On Tue, Dec 13, 2016 at 09:28:47PM +0000, Poul-Henning Kamp wrote:
> --------
> In message <20161213173327.C1F7D1714B@welho-filter2.welho.com>, Kari Hurtta wri
> tes:
> 
> >2.  Definition of HTTP Header Common Structure
> >https://tools.ietf.org/html/draft-ietf-httpbis-header-structure-00#section-2
> >
> >|     unicode_string = * unicode_codepoint
> >|             # XXX: Is there a place to import this from ?
> >|             # Unrestricted unicode, because there is no sane
> >|             # way to restrict or otherwise make unicode "safe".
> >
> >What is range of unicode_codepoint ?
> 
> As far as I know, UNICODE does not have a firm upper end, but
> everybody _expects_ 32 bits to be enough for everybody.
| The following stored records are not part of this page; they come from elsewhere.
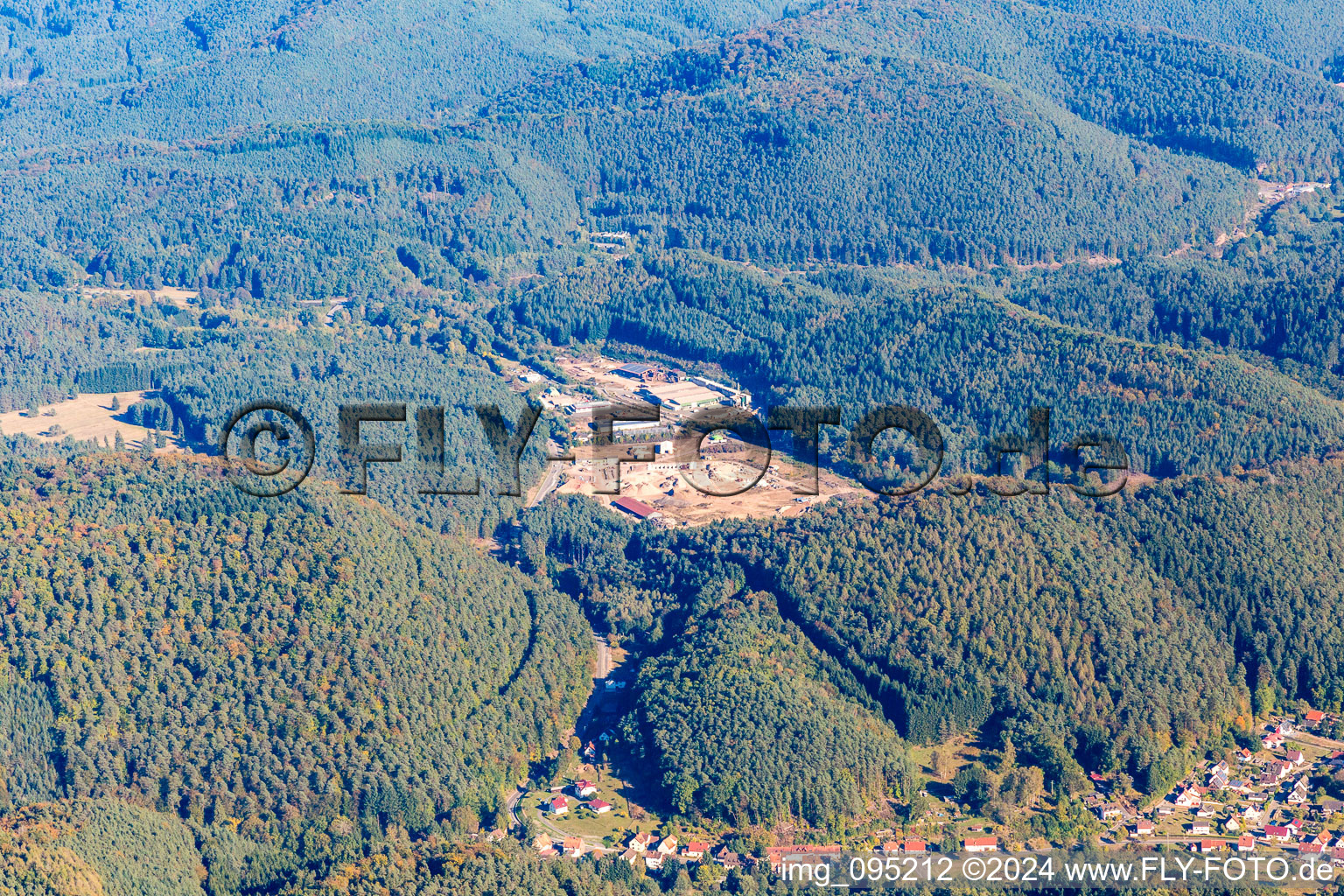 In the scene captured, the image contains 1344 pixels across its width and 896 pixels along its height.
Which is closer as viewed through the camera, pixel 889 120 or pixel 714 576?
pixel 714 576

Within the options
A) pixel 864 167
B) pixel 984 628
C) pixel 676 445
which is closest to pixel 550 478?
pixel 676 445

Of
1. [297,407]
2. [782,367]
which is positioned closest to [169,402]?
[297,407]

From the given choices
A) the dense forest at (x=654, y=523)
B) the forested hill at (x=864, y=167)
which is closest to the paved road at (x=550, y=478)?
the dense forest at (x=654, y=523)

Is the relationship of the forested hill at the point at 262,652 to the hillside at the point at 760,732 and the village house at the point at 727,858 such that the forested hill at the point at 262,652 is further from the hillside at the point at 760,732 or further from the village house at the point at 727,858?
the village house at the point at 727,858

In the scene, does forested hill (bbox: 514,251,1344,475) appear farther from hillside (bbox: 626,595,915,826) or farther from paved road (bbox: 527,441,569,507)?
hillside (bbox: 626,595,915,826)

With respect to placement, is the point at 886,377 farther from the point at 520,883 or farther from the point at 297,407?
→ the point at 520,883

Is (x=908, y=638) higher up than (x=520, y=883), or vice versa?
(x=908, y=638)

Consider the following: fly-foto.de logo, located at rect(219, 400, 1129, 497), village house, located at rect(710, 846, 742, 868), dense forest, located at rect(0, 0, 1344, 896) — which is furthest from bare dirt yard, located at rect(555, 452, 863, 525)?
village house, located at rect(710, 846, 742, 868) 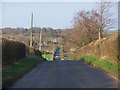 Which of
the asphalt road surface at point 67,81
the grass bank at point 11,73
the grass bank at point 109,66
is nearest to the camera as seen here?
the asphalt road surface at point 67,81

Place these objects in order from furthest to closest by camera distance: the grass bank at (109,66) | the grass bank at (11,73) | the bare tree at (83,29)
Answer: the bare tree at (83,29), the grass bank at (109,66), the grass bank at (11,73)

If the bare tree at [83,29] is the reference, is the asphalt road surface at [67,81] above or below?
below

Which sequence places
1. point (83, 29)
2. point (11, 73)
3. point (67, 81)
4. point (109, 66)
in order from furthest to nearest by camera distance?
point (83, 29) → point (109, 66) → point (11, 73) → point (67, 81)

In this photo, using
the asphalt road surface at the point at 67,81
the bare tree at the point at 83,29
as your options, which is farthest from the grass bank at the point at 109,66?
the bare tree at the point at 83,29

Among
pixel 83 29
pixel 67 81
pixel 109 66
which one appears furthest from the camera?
pixel 83 29

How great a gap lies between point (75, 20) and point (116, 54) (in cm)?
5989

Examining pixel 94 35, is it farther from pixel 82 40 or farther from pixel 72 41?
pixel 72 41

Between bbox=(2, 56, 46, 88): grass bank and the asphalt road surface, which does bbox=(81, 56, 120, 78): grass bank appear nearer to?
the asphalt road surface

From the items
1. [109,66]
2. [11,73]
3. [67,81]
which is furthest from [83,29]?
[67,81]

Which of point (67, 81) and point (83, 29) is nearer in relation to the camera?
point (67, 81)

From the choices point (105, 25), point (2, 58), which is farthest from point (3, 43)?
point (105, 25)

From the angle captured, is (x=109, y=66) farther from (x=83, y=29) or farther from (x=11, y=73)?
(x=83, y=29)

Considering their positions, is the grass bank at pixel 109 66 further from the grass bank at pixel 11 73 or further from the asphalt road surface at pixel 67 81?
the grass bank at pixel 11 73

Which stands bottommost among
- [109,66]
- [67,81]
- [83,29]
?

Actually, it does: 10FFFD is the last codepoint in Unicode (it is
actually allocated as part of PUA).

IIRC, Unicode has exactly 1,111,998 codepoints in total (most of those
are unallocated). 
 
> Since section two is the abstract datamodel, that's the best we can
> do there.
> 
> >3.  HTTP/1 Serialization of HTTP Header Common Structure
> >https://tools.ietf.org/html/draft-ietf-httpbis-header-structure-00#section-3
> >[...]
> >Or is unicode values > 0xFFFF
> >encoded with surrogates  (values 0xd8000 - 0xdffff) ?
> >( UCS-2 or UTF-16 is used )
> 
> That was the plan.
> 
> Not a particular good plan, as evindenced by the fact that I forgot
> to write that, and that JSON has seen interop issues with parsers
> missing that detail.

Also, note that the surrogate mechanism can only encode up to plane 16
(that's the reason why unicode only has 17 planes!)

And I suppose that the surrogates MUST be paired properly (JSON actually
does not require this).


-Ilari

Received on Tuesday, 13 December 2016 21:43:05 UTC